Der Sachschaden, den enthemmte, von keiner Ordnungsmacht zu beeindruckende Ultras Jahr für Jahr verursachen, geht in die Millionen. Der Rufschaden, den sie am Image ihrer Heimatvereine anrichten, ist unbezahlbar. Sie sind wenige, kaum ein paar Handvoll in jeder Stadt. Doch die Polizei und Justiz vermitteln ihnen seit Jahrzehnten das sichere Gefühl, unangreifbar zu sein. Wochenende für Wochenende verbreiten sie Angst und Schrecken. Woche für Woche beschäftigen sie Sportgerichte. Sehr, sehr selten nur Strafkammern. Über eine Saison gerechnet kosten sie die Vereine, denen sie angeblich enger verbunden sind als alle anderen, alle "normalen" Fans, Hunderttausende Euro, die für Spielgehälter fehlen.
Freundliche Begleitung
Und doch geschieht ihnen kaum jemals etwas. Die Polizei belässt es bei freundlicher Begleitung. Staatsanwälte schauen weg. Ermittlungsverfahren gibt es allenfalls gegen einzelne Tatverdächtige, nie gegen die fest gefühlten und sorgfältig gegen Einblick von außen abgeschirmten Gruppen der Erlebnisorientierten. Dabei ist deren eigentlicher Charakter unübersehbar. Zwar feiern sich die Ultras aller Klubs als die Unbeugsamen und Unentwegten, die ihre Mannschaft überallhin begleiten, sie anfeuern und damit erst die bei den Tribünenzuschauern so beliebte Stadionatmosphäre erzeugen. Doch verglichen mit dem Schaden, den sie anrichten, ist ihr Nutzen bescheiden.

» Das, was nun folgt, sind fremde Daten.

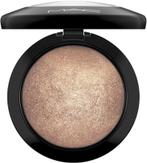 MAC MINERALIZE GLOBAL GLOW SKINFINISH HIGHLIGHTER DOOSJE 1.., Sieraden, Tassen en Uiterlijk, Uiterlijk | Cosmetica en Make-up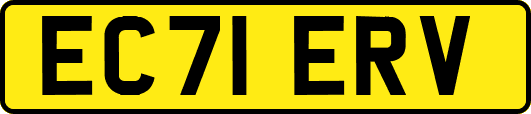 EC71ERV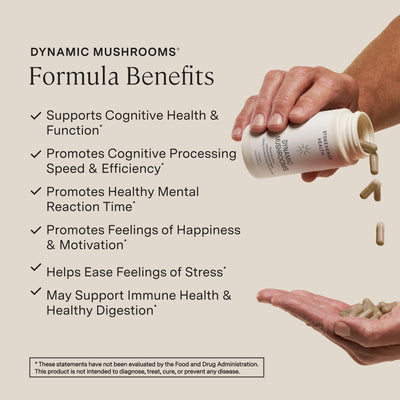 Stonehenge Health capsule close-up highlighting concentrated extract benefits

Es werden Straftaten begangen, oft angekündigt. Und die Staatsmacht interessiert sich nicht dafür. Es werden Straftaten begangen, und an der mafiaartigen Omerta unter den Ultras scheitert jeder Versuch, Täter zu ermitteln. Es werden Straftaten, doch spätestens vor Gericht werden aus Ultras verfolge Unschuldige.
Als gehörten die Stadien ihnen
Selbstbewusst als gehörten die Stadien in Wirklichkeit ihnen, gelingt es den Ultras an jedem Wochenende, unfassbare Mengen von Sprengmitteln an den Ordnern vorbei ins Innere zu schmuggeln. Trotzdem scheint es so, als sei gegen sie kein Kraut gewachsen. In der Definition des einschlägigen § 129 StGB lassen sich fast alle Ultra-Gruppen als kriminelle Vereinigungen erkennen: Mindestens drei Personen, die sich auf Dauer zu dem Zweck zusammenschließen, Straftaten zu begehen, die eine erhebliche Bedeutung haben und mit mindestens zwei Jahren Freiheitsstrafe bedroht sind.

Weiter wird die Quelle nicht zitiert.